What happened during the war?
When the Nazis invaded Ukraine in 1941, many locals welcomed the Germans as liberators from the Soviets, and tens of thousands even fought alongside them, hoping Adolf Hitler would reward them with an independent state. Later, when the Nazis began using Ukrainians as slave labor, about 2.5 million fought for Stalin’s Red Army. The country became one of World War II’s bloodiest battlefields. At least 5.3 million Ukrainians died during the war—about one sixth of the population. About 2.25 million of those killed were Jews, targeted by both the Nazis and some Ukrainian collaborators. At the end of the war, Stalin deported tens of thousands of Ukrainians accused of cooperating with the Nazis to Siberian prison camps, and executed thousands more.
When did Ukraine become truly independent?
In 1991, more than 90 percent of Ukrainians voted to declare independence from the crumbling Soviet Union. But Russia continued to meddle in the country’s affairs. In Ukraine’s 2004 presidential election, the Kremlin backed pro-Russian candidate Viktor Yanukovych. Massive fraud in that election sparked the Orange Revolution, which kept Yanukovych from power. The failure of subsequent leaders led to Yanukovych’s making a comeback in 2010. But after he canceled a trade deal with the European Union, he was driven from office again last month by pro-Western demonstrators. Despite the world’s outrage, Russian President Vladimir Putin is unlikely to let Ukraine leave his country’s orbit. “Russia without Ukraine is a country,” explains Daniel Drezner, an international politics professor at Tufts University. “Russia with Ukraine is an empire.”

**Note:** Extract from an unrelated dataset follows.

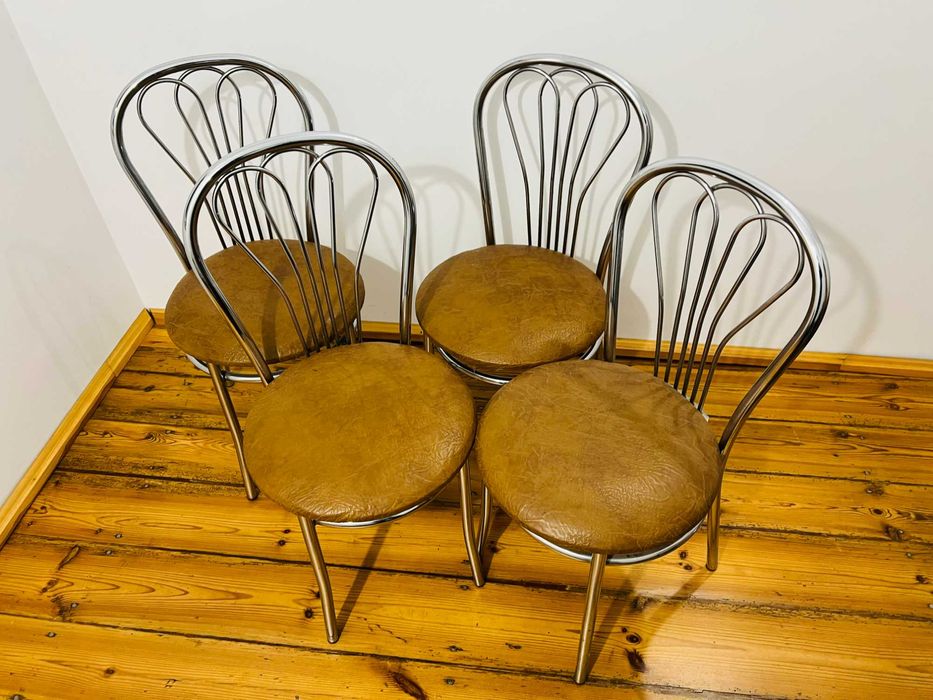 krzesła kuchenne barowe 4 sztuki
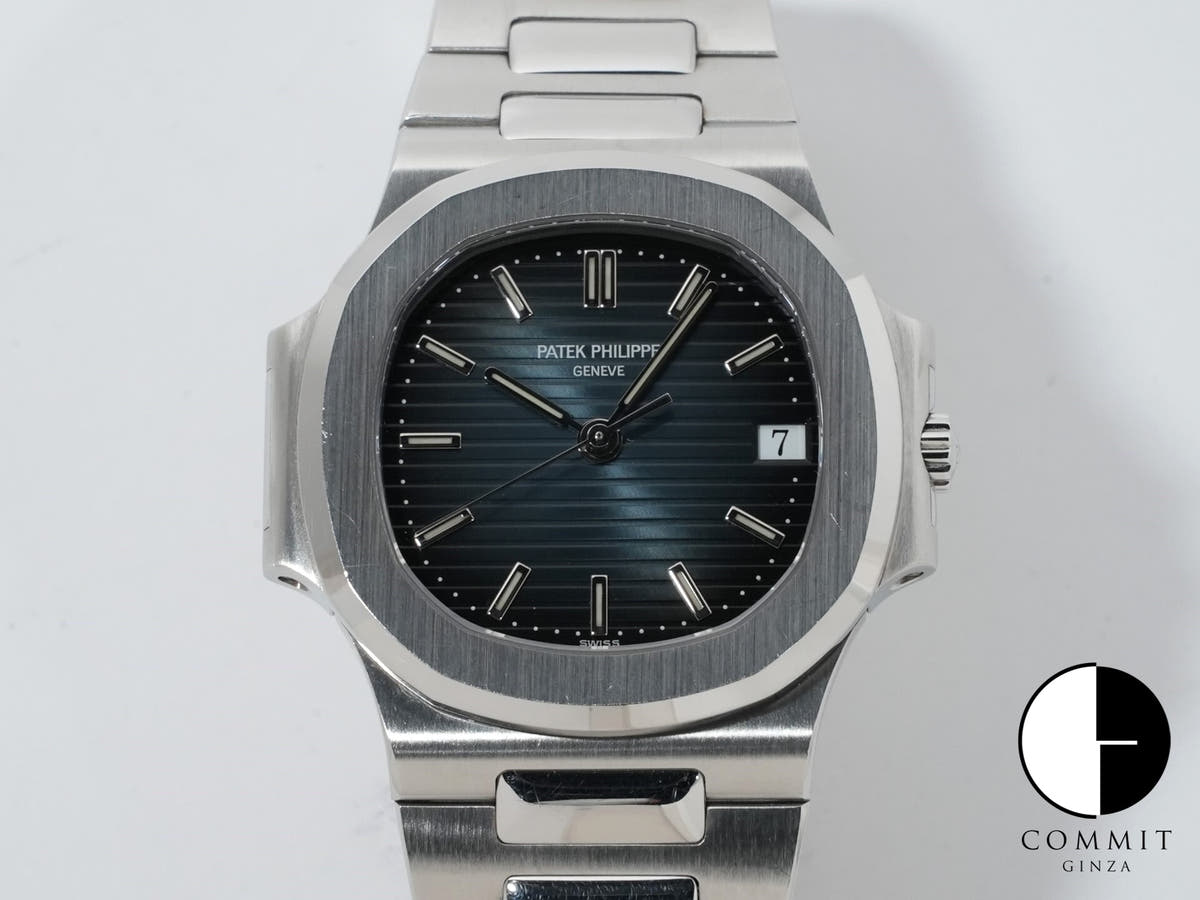 パテックフィリップ ノーチラス Ref.3800/1A-010 ステンレススチール ブルー文字盤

Crimea: Khrushchev’s mysterious gift
Crimea has become a flash point in the struggle between Kiev and Moscow, with Russian troops seizing control of the southern peninsula bordering on the Black Sea. But exactly why this region—which has a majority ethnic Russian population and is home to Russia’s Black Sea fleet—ended up as part of Ukraine is something of a mystery. The peninsula had been ruled by Russia for centuries when Soviet leader Nikita Khrushchev suddenly gifted it to Kiev in 1954. Many Russians think Khrushchev was drunk when he signed the Crimea away, while others believe he was trying make amends for the Ukrainian famine. The handover remains deeply unpopular with ordinary Russians, 56 percent of whom view Crimea as Russian territory, far more than feel a claim on Chechnya. “Many see Putin as the one who returned some of Russia’s strengths,’’ said Denis Volkov, an independent Russian pollster. “I think he will use this idea of the loss of the Soviet Union to drum up support with Crimea.”